It’s March Madness time – and that means brackets, brackets everywhere. And that’s great because we love bracket contests. Many people’s hoops brackets get blown up early though—that’s not so great. Don’t feel bad, we’re told, the odds of nailing a perfect bracket are longer than 8,000,000,000,000,000,000-to-1.
Sure, the odds are long, but they’re nowhere near that tough. That guess, and every number like it, is based on the idea that almost every one of the 63 match-ups is nothing more than a perfectly random coin flip. Nothing could be farther from the truth. You can cut those odds drastically by picking very few upsets in your bracket.
Consider the #1 seed vs. #16 seed match-ups. The people on our basketball promotions desk think that a #16 seed is going to beat a #1 seed someday fairly soon because college basketball is getting more competitive top-to-bottom. But it hasn’t happened yet.

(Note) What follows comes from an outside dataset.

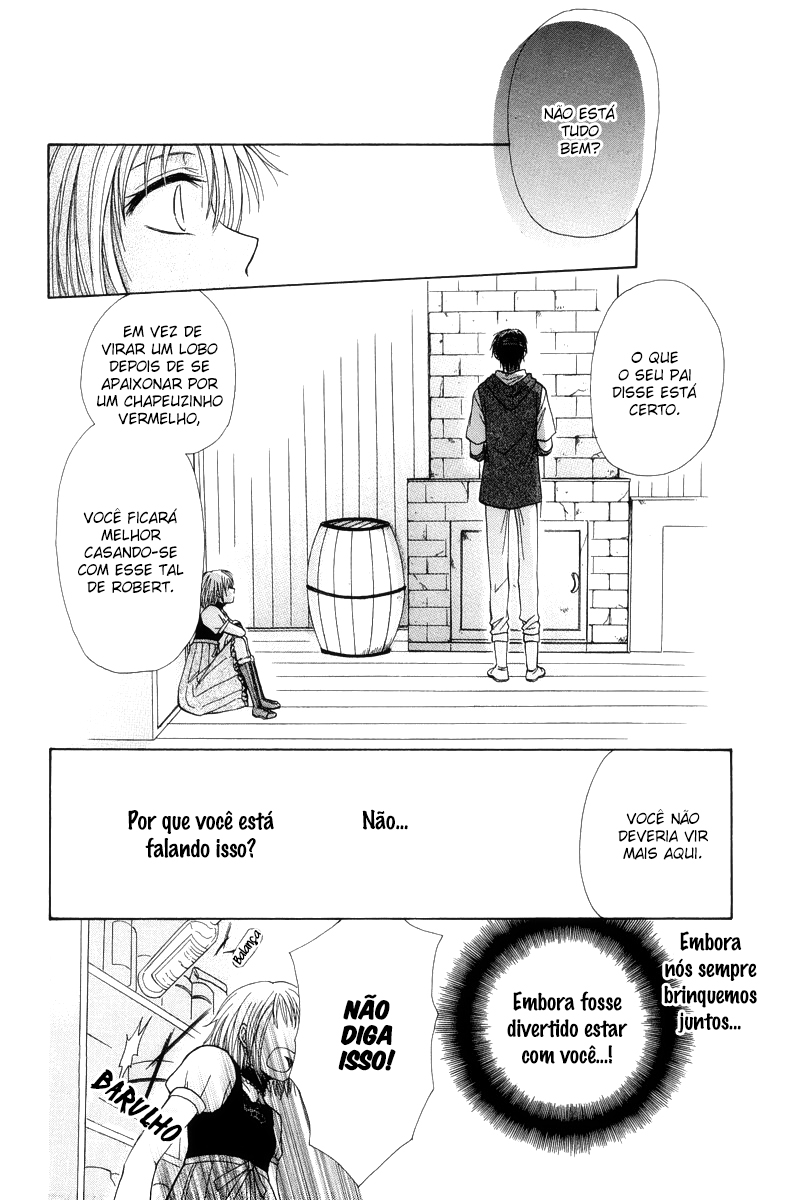 Akazukin to, Koisuru Ookami Oneshot 第12页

And in any particular game this year, the #1 seed has to be at least 95% to win.
Here’s some match-up data you might want to look at: Team Data
Here are a few points that jump out:
- The #2 seeds win their first games 94% of the time (vs. #15)
- The #3 seeds win their first games 83% of the time (vs #14)

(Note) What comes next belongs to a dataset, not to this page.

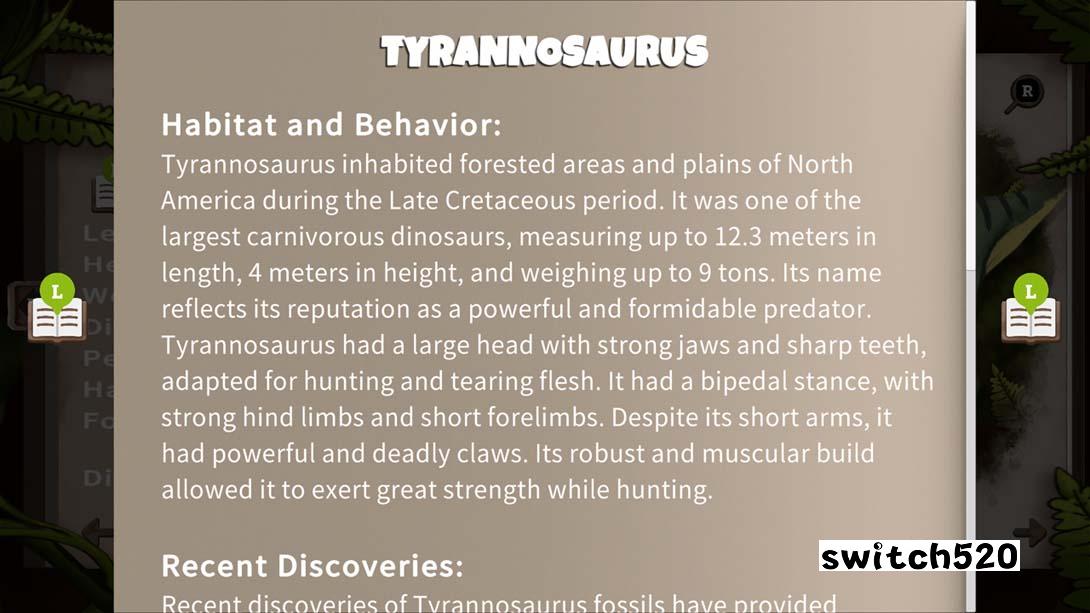 恐龙的种类和名称 Dinosaurs Types and names_Switch游戏_任天堂switch游戏下载_ns游戏下载_switch游戏下载_大气层游戏_TX游戏_xci游戏_nsp游戏_nsz游戏_switch金手指_ns金手指mod_任天堂游戏修改_switch520_Switch2_switch游戏下载_switch520_3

- The #4 seeds win their first games 80% of the time (vs. #13)
- Moving on to the second round, the #1 seeds are still about 85% to win their games (80% vs #8 seeds, and 90% vs #9 seeds). Overall, #1 seeds win 78.5% of their games.
Now here’s something else that’s a little bit cute: Seeds can only play “themselves” in the Final Four or the Championship. #1 seeds have matched up against each other 21 times. That means the #1 seeds are going so deep into the tournament, their biggest enemies might be other #1 seeds. #2 seeds have only played other #2 seeds twice. #3, #4, and #5 seeds playing their own kind? Once each. So going forward, it seems we’re much more likely to see a #1 vs #1 in the Final Four than #2 vs #2 or #3 vs #3 etc.
Trying to win your bracket contest? Pick the stronger seeds, and pick the #1 seeds to do very well.
OK, so what about that perfect bracket? It’s still tough. Tougher than hitting the lottery? Maybe, because we can’t expect all the favorites to win all the time. But it’s not quintillions to one, because the games aren’t totally random. Stronger teams do better more often, and you can use that to your advantage. Go build that bracket!